8. Colby Lewis, who hadn't pitched in the Majors since July 2012, has now made three starts this season. Is he back to his old self, or has he lost a step after elbow surgery?
AJM: Lewis was a legit #2/#3 starter from 2010-12 for the Rangers, and he's not back to that point right now. His fastball is going to be around 88 mph, and he throws mostly the fastball and slider now, relying on command and location as compared to stuff. And Colby had some issues in the spring with his command due to a positive part of his offseason hip surgery -- he has more range of motion in his hip now, with the upshot being that he had to rediscover his release point because he is moving so much better. At this point, he looks like a solid back-end starter, and the Rangers will gladly take that from him.

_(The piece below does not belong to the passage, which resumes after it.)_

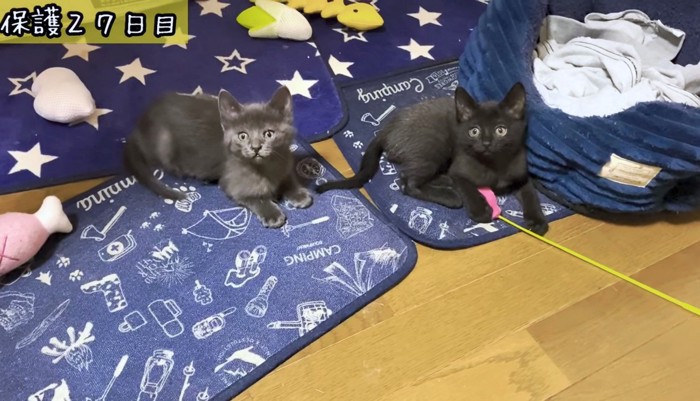 猫じゃらしを目で追う2匹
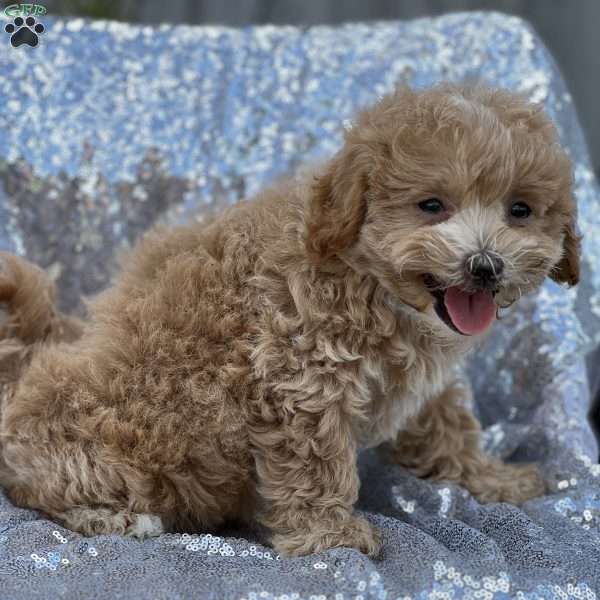 Soleigh, Mal-Shi Puppy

9. Last time, I asked you to write a haiku about Donnie Murphy. It did not reflect favorably upon the infielder. Would you like to update it now after he went 4-for-11 with a homer and three RBI against the A's last week?
Small sample sizes
Can turn scrubs into All Stars,
But midnight still strikes.
Thank you, Adam, for participating in the Q&A!
The series starts in a couple hours. First pitch is scheduled for 5:00 p.m., Gray vs. Darvish. The A's seem to have the antidote to Darvish's mojo, so the question will be whether the pitching and defense can do their parts if the lineup manages to notch a few runs against him again. Kouz is out, but Beltre is back. Choo is also out, but Murphy is in there with hopes of inexplicably terrorizing A's fans once again.